Top of DATA RECORDS

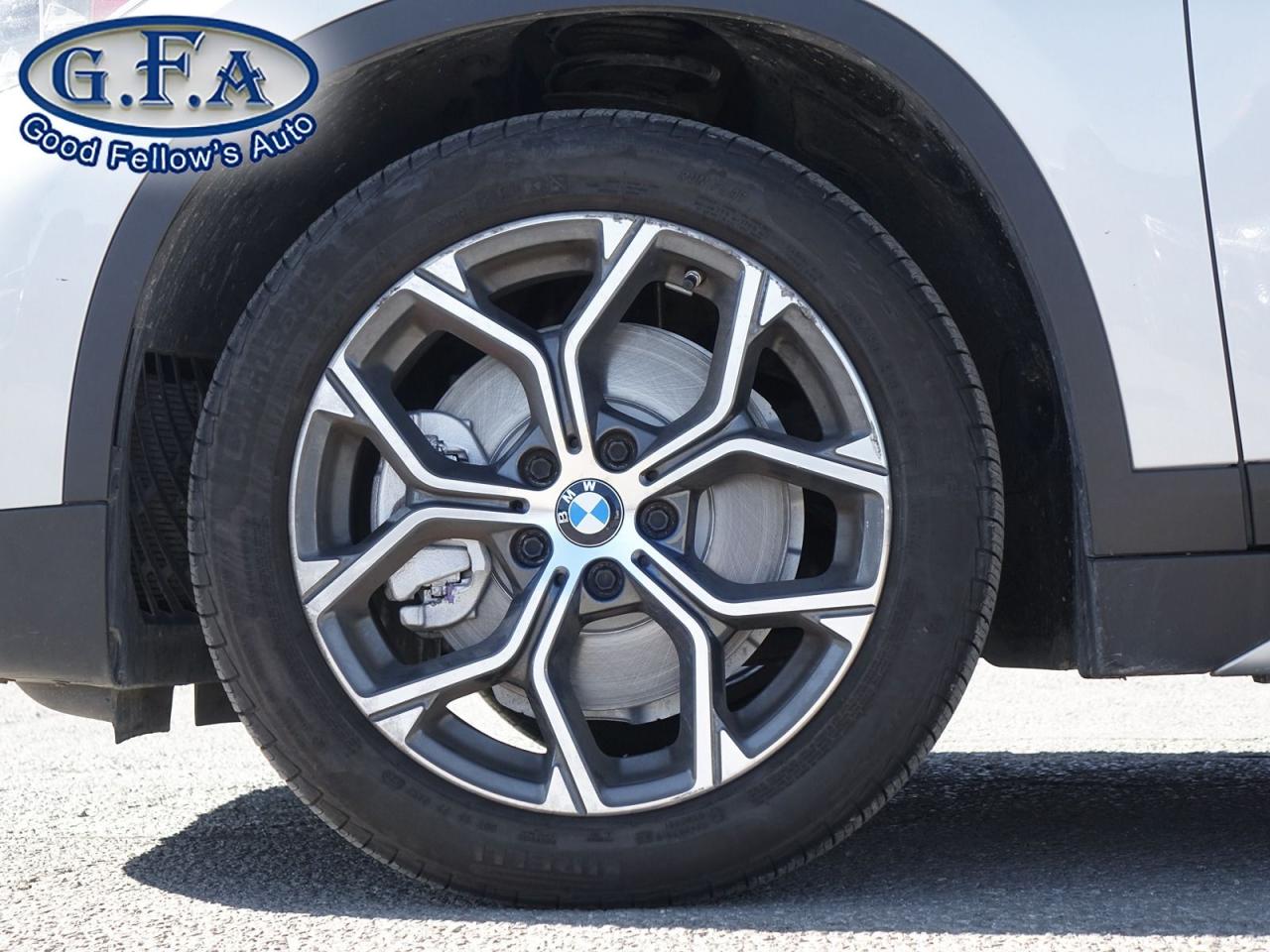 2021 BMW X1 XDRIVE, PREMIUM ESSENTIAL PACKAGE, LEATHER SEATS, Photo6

Bottom of DATA RECORDS
Top of DATA RECORDS

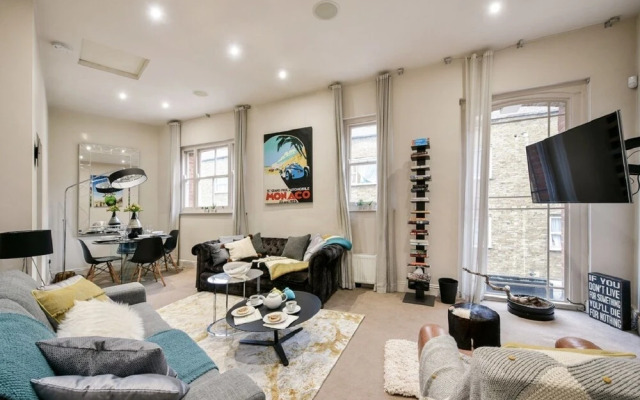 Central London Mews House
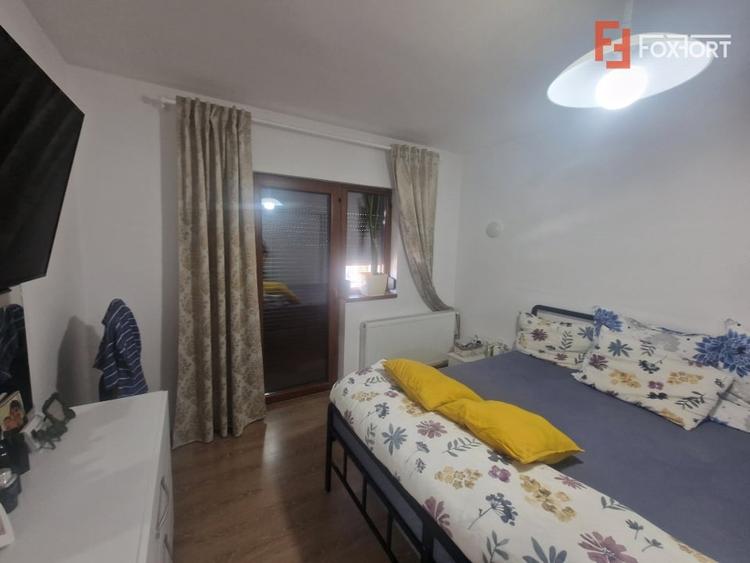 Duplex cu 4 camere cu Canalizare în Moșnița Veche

Bottom of DATA RECORDS
Top of DATA RECORDS

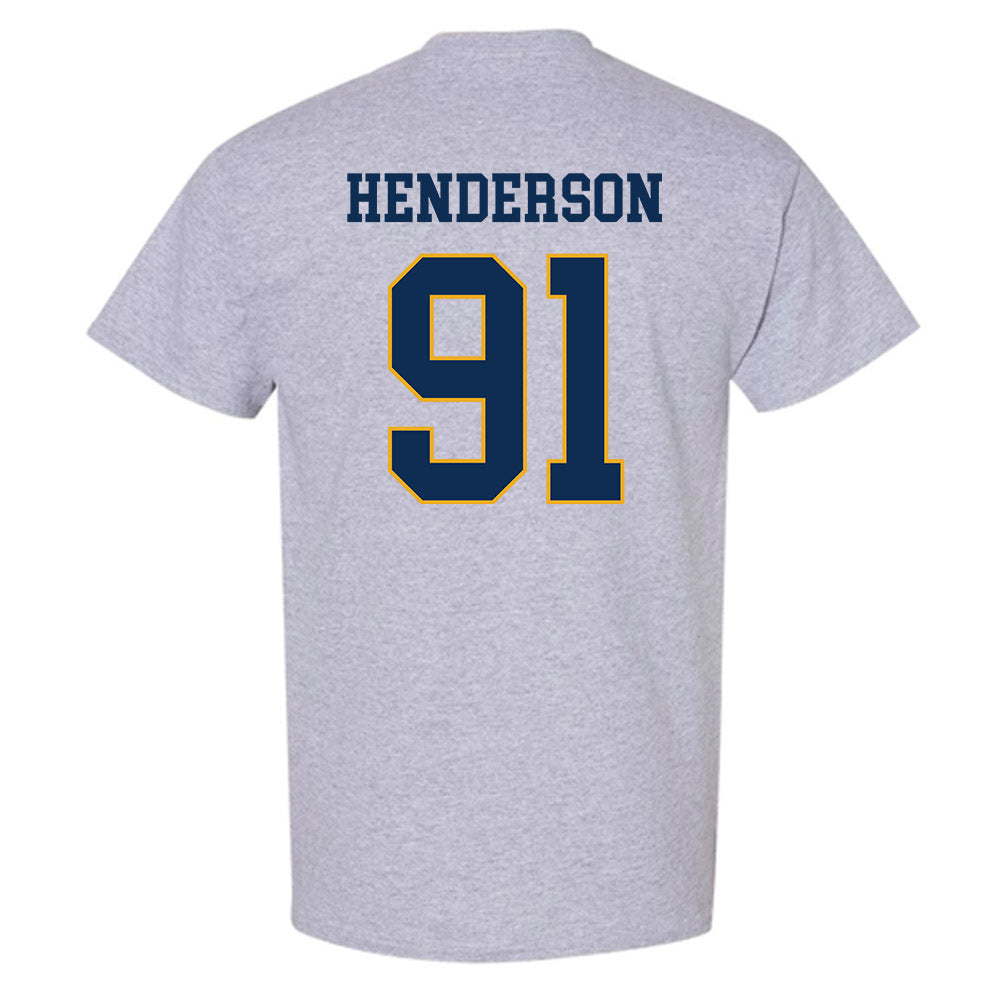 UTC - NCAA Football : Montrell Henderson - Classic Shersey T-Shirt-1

Bottom of DATA RECORDS

▸ **WHAT IS REQUIRED**
Pictures aside, print exactly the lines above starting with the one containing "Central London Mews House" and going on through the one containing "Duplex cu 4".

▸ **ANSWER TO THIS PROBLEM**
 Central London Mews House
 Duplex cu 4 camere cu Canalizare în Moșnița Veche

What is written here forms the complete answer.